平成29年度家族計画・母体保護法指導者講習会が昨年12月2日、日医会館大講堂で開催された。
今村定臣常任理事の司会で開会。冒頭のあいさつで横倉義武会長(今村常任理事代読)は、安倍晋三内閣総理大臣が11月の所信表明演説の中で、「少子高齢化を国難とも呼ぶべき最大の課題と位置づけ、その克服に向けた施策を実行し、全世代型の社会保障を実現させていく」と強調したことに言及し、「そのためにも、社会全体で子育てをしやすい環境を整え、次世代を担う子ども達の健やかな成長を等しく支援するための施策が必要である」と述べ、日医としても積極的に政策提言を行っていく考えを示した。
続いて、加藤勝信厚生労働大臣(北澤潤厚労省子ども家庭局母子保健課長代読)のあいさつ、木下勝之日本産婦人科医会長の来賓あいさつの後、福田稠熊本県医師会長/日医母体保護法等に関する検討委員会委員長を座長として、シンポジウム「産婦人科領域における医療安全」が行われた。
白須和裕日本産婦人科医会副会長/日医母体保護法等に関する検討委員会委員は、「母体保護法指定医師の指定基準モデルの改定」について解説。
今回の改定は、平成25年の改定の様式及び文言の整理が主であるとした上で、①指定医師の資格取得の「技能」要件である人工妊娠中絶の症例経験の機会を増やすため、指定医師研修機関の指定と連携する指定医師研修連携施設の登録の仕組みを明確化②指定医師の指定を受けるために人工妊娠中絶の研修を受けている医師(非指定医師)は、「指定医師研修機関又は指定医師研修連携施設で指導医(指定医師)の直接指導の下においてのみ人工妊娠中絶術に関与できる」ことを再確認③指定医師の新規取得に当たって、附則にある様式に従って「研修症例実施報告書」の提出が必要であることを明確化―したと報告した。
海野信也北里大学病院院長/北里大学医学部産科学教授は、「産科麻酔における医療安全」について講演。

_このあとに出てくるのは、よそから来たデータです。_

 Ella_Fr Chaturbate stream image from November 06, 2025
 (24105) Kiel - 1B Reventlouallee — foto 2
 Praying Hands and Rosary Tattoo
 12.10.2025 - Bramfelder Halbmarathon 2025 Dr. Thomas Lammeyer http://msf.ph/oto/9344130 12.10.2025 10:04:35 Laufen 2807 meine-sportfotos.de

日本産婦人科医会による「分娩に関する調査」結果の概要や妊産婦死亡症例検討評価委員会の無痛分娩関連症例の検討内容について説明し、現状のデータからの推定では、無痛分娩における妊産婦死亡率が全体と比較して明らかに高いとは考えにくいとした。
その上で、厚生労働科学特別研究事業「無痛分娩の実態把握及び安全管理体制の構築についての研究」の検討状況を報告。無痛分娩の安全性に関しては、①硬膜外麻酔の重大な合併症への対応能力②無痛分娩自体による妊産婦死亡リスクの増加の懸念―が問題との認識を示すとともに、その対策として、無痛分娩施設の情報開示、医師・医療スタッフの研修体制の整備、誘発麻酔分娩のリスクに関する臨床研究の実施等が重要との認識を示した。

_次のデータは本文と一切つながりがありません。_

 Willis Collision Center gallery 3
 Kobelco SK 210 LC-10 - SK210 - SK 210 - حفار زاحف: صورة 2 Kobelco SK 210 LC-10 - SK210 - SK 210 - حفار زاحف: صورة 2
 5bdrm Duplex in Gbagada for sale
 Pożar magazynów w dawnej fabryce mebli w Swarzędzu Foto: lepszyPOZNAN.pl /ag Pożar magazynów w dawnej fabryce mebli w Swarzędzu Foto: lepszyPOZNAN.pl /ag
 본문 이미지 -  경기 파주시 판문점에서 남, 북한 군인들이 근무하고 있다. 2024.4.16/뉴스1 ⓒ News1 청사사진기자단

今村常任理事は、「医療事故調査制度の現状」について説明した。
まず、本制度の目的は、「医療の安全を確保するために、医療事故の再発防止を行うことである」ことを確認した上で、事故報告すべきか判断する際の「考え方」としては、「医療事故が疑われる症例に関しては積極的に報告することが望ましい」とした。
また、院内事故調査の質を向上させるためには、支援団体の機能の充実強化により初期対応を充実させるとともに、調査に関わる人材の育成により鑑別疾患や聞き取りを充実させる必要があると指摘。更に、支援団体の取り組み等も紹介した。

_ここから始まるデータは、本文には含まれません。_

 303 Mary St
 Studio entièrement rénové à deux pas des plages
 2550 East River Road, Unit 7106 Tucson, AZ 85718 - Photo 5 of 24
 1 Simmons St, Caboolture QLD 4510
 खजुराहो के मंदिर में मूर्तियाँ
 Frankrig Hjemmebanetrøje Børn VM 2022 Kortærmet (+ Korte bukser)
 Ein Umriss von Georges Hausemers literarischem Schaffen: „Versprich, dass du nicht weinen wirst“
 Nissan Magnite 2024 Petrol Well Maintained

北澤母子保健課長は、行政の立場から、アベノミクス新・三本の矢の一つに「夢をつむぐ子育て支援」が掲げられていることや「健やか親子21」では体罰によらない子育てを啓発するための資料「愛の鞭ゼロ作戦」を作成していること、更に子育て世代包括支援センターの事業等、最近の母子保健行政の動きについて概説し、一層の理解と協力を求めた。
その後、シンポジストと参加者との間で活発な質疑応答が行われ、講習会は終了となった。